Признаюсь, я начал понимать, что он имеет в виду, и поверил его объяснению. Сейчас, оглядываясь назад, я вижу всю абсурдность, всю нелепость такого утверждения, но все равно записываю его ради журналистской точности.
— Побочный эффект, — повторил я его слова.
— Те из нас, кто собирает истории, не могут быть увидены ни одним устройством, известным человечеству.
Я больше не мог сносить, что он жив. В моем ящике справа есть нож для бумаг…
— Вы говорите про камеру?
— Никогда больше, — шепнул Торгу. — Для него с этим покончено. И для вас тоже. Вы вскоре начнете делать репортажи на гораздо более значимые темы. Сюжеты, весомее любого, за какой вы когда-либо брались.
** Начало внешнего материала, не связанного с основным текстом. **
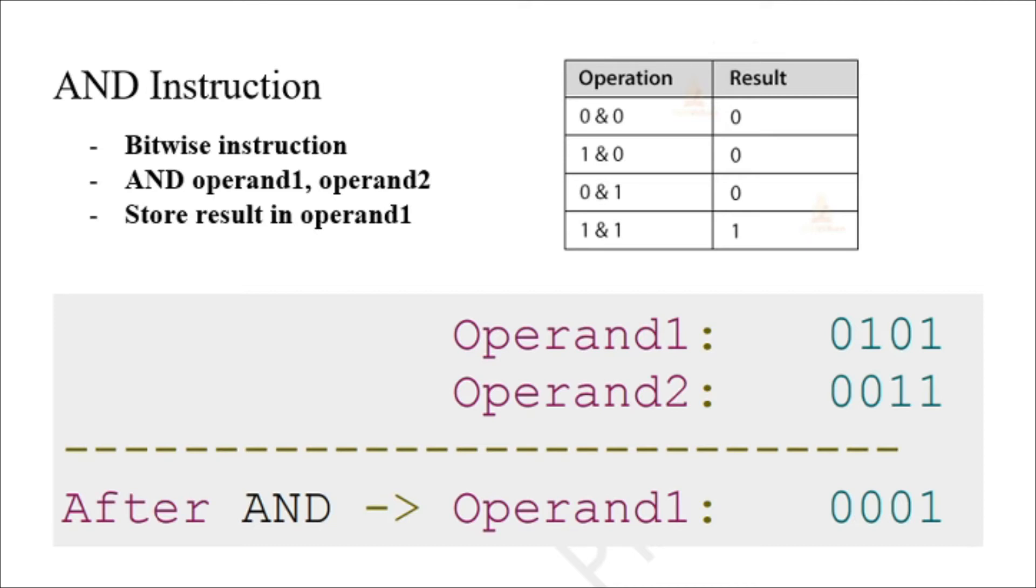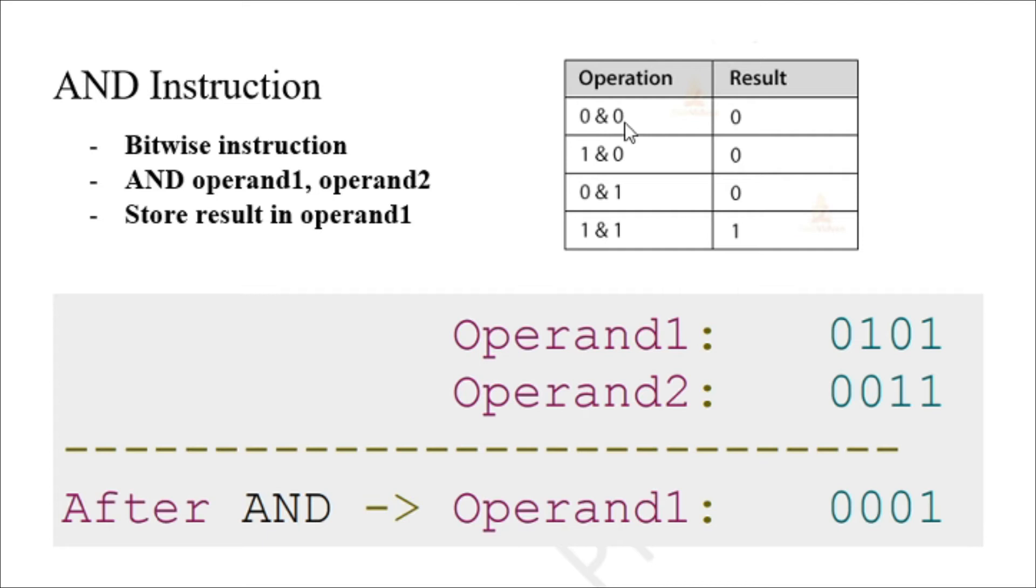The AND operation returns one if and only if both of its operands are one. So in this example: zero and zero is zero, one and zero is zero, zero and one is zero, and one and one is one.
Вам известно, что Сталин велел расстрелять тринадцать тысяч собственных солдат в Сталинграде во время осады этого великого города? Вы сможете взять у них интервью. Полагаю, вы подойдете к этому ответственному заданию с большим достоинством, чем ваш коллега.
Ноги у меня задрожали. Признаюсь, я ему поверил. Мысль об этих интервью и впрямь меня привлекала. Я начал шарить в ящике. Нельзя, чтобы он снова открыл рот. Я сознавал, что если это случится, то грозит мне смертью. У меня же был нож для бумаги, стальной шип. Но я опоздал. Он заговорил. И от его слов руки у меня сковало онемение.
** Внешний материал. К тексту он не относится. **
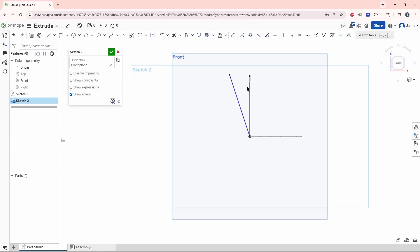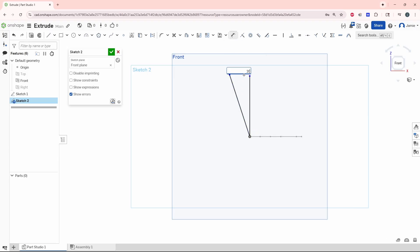Now let's create the angle which you want this extrude to follow. Let's do dimension here. Click here, click here. Let's say it's at 20 degrees. Alright, and now we can finish the sketch.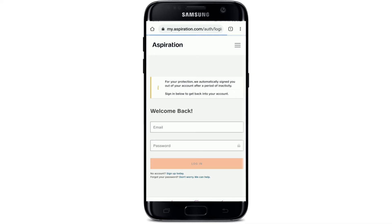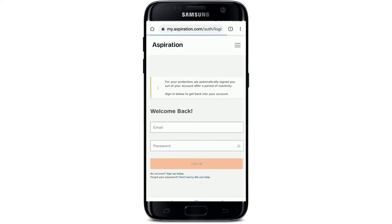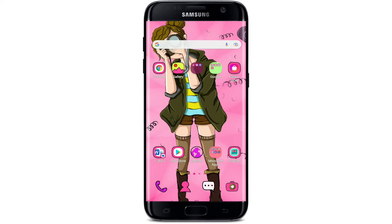Type in your email address into the email address text box. After that, type in your password in the next field. While entering your login details, make sure to type in the correct information. After typing in all of the information correctly, tap on the login button.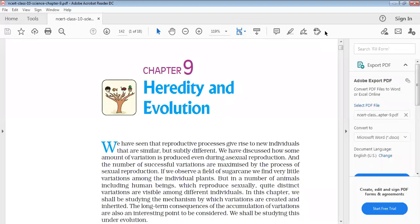Good morning everyone. In the previous video, we have already started Chapter 9, Heredity and Evolution.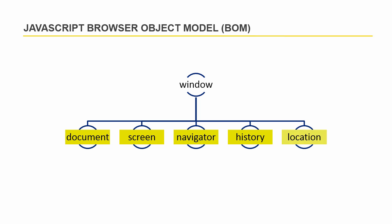The location object contains details on the current page's location. In the next video, I will start discussing window object in details and will continue discussing each of its children object individually.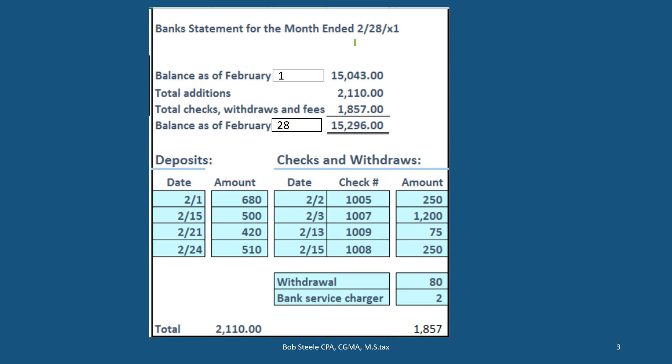The bank statement coming from the bank is going to be as of the end of February in this case. We'll have the typical information on a bank statement: we'll have the beginning balance, then the additions to it — generally our deposits — then the subtractions, generally the checks, but also things like bank fees and withdrawals, and then we'll come up to our ending balance. That's what the bank says we have as of the cutoff date, February 28th.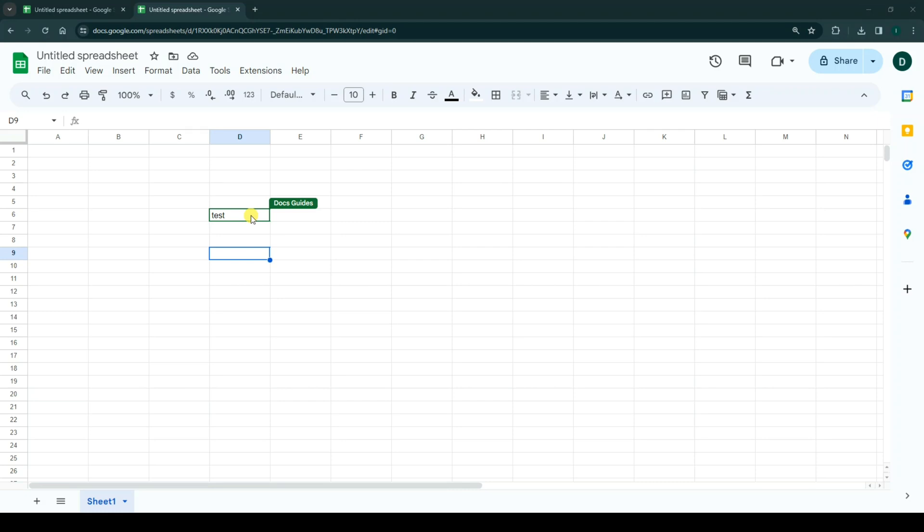You open a document in two different tabs or at the same time on another device, for example on your phone or tablet.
— Кстати, я перемолвился парой слов с вашей двоюродной бабушкой.
— С кем?
— С Эстер, господин фон Тротта. Я виделся с Эстер.
Нож для бумаги обратился в лед, обжег мне пальцы, и я уронил его на стол, опрокинув пластиковый стаканчик с кофе, который разлился по бумагам. Я выглянул в окно кабинета в поисках Пич, в поисках Боба Роджерса, кого угодно, кто бы подтвердил, что я не ослышался. Эстер, моя двоюродная бабушка Эстер, мертва уже больше шестидесяти лет, если быть точным, умерла в июле 1942 года, когда ее и четырех ее детей, включая новорожденного, казнил первый взвод Германского резервного батальона полиции № 101. Моя сестра получила архивы этого батальона от одного историка, старого друга семьи, и со жгучим изумлением мы читали рассказы из первых рук, от самих участников бойни. Разумеется, мы не знали наверняка, как встретила свою смерть Эстер. Ее имя ни разу не упоминалось. Но она и ее семья принадлежали к тем тысяче восьмистам евреям, которые жили в той деревне, и никто больше с тех пор не видел документа, где стояла бы ее подпись или значилось бы ее имя. Ее муж, мой двоюродный дед Иосиф погиб в концентрационном лагере Белжец. Больше мы ничего не знали.
Последовавшее затем явилось оскорблением здравому смыслу. Сейчас я в этом сознаюсь. Но в моем отчете не было бы честности, если бы я солгал. Человек, сидевший на диване в моем кабинете, начал заполнять пробелы в истории, и, готов поклясться на смертном одре, он говорил голосом женщины, которую я никогда не встречал.